Une heure durant, Ould Lemrabott - plus haute autorité religieuse du pays depuis le décès de l'Imam Boudah Ould Bouçeïri - a rappelé les versets coraniques stipulant qu'une femme ne doit ni voyager ni rester seule avec une personne hormis le conjoint, les proches agnats et alliés par allaitement.
Il a également illustré la tradition du Prophète Mohamed qui demandait, aux hommes, obligés de s'adresser à une femme tierce, de s’imposer le paravent d’une tenture.
Ould Lemrabott a reproché aux autorités de prendre des décisions de nomination litigieuse avant de consulter les hommes de religion.
Dans son numéro du 2 août 2009, le quotidien officiel Chaâb a publié une interview avec le vice-président du Congrès islamique mondial (une institution basée à Londres) ; pour Abdellahi Ould Boyé, la nomination des femmes à des postes importants, si elle se fonde non pas sur la base de la compétence mais pour plaire aux autres, s’assimilerait à de l'hypocrisie, réprouvée par la Charia (loi islamique).
Le Président de la République Mohamed Ould Abdel Aziz a installé six femmes (*) au dernier gouvernement mais c'est la première fois qu'un ministère régalien (**) revient à l’une.
L'Imam Ould Lemrabott a toujours conduit son discours pour complaire au dirigeant du moment, quel qu'il soit.
Elastiquement enclin, par la conjugaison de sédiments de pragmatisme maraboutique, à adapter son sens moral au désir des puissants, il a vivement défendu le putsch du 6 août 2008 et incité les fidèles à voter pour Ould Abdel Aziz. Il s'agit de l'une des rares fois où il critique, ouvertement, une décision gouvernementale ; son salafisme sexiste et conservateur transparaît ainsi, au moment où le nouveau pouvoir tente de trouver une parade à l’agressivité croissante des jeunes recrues de la mouvance en provenance des camps d’Alqaïda au Maghreb islamique (AQMI).

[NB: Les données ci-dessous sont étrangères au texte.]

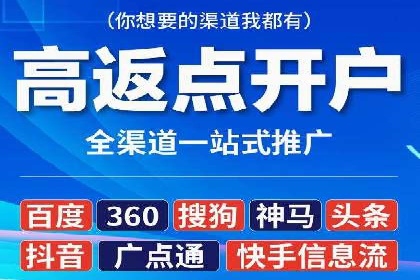 创意为王：一则信息流广告的崛起之路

Ould Boyé, notable d’une longue lignée de jurisconsultes, ancien ministre de Mokhtar Ould Daddah et résident saoudien, s'est toujours tenu loin du débat politique mauritano-mauritanien, même si Ould Taya a tenté de se l'accaparer, en confiant un ministère à son fils.
L’Imam Ould Lemrabott, de même que Hamden Ould Tah et bien d’autres comptent parmis les moins critiques envers les différents pouvoirs en Mauritanie. S'ils considèrent illicite la promotion politique des femmes, l’on peut imaginer aisément l’ampleur du malentendu dans le rapport entre la puissance publique et la nébuleuse de l’Islam légitimiste.
Ces déclarations interviennent moins d'une semaine après le premier attentat-suicide de l'histoire du pays. Taqadoumy a approché une source au sein de la Direction Générale de la Sûreté Nationale (DGSN) afin de savoir si les femmes ministres, en particulier celle des affaires étrangères, vont bénéficier de mesure de protection spécifique.
Selon lui, "rien en ce sens n'est prévu pour le moment. Elles sont protégées selon les modalités d’usage pour tous les membres du gouvernement".
A la question de savoir si les dernières déclarations des dirigeants religieux relèvent, pour les responsables sécuritaires, de la menace à l'intégrité physique des femmes ministres, notre interlocuteur se mure dans un mutisme évasif.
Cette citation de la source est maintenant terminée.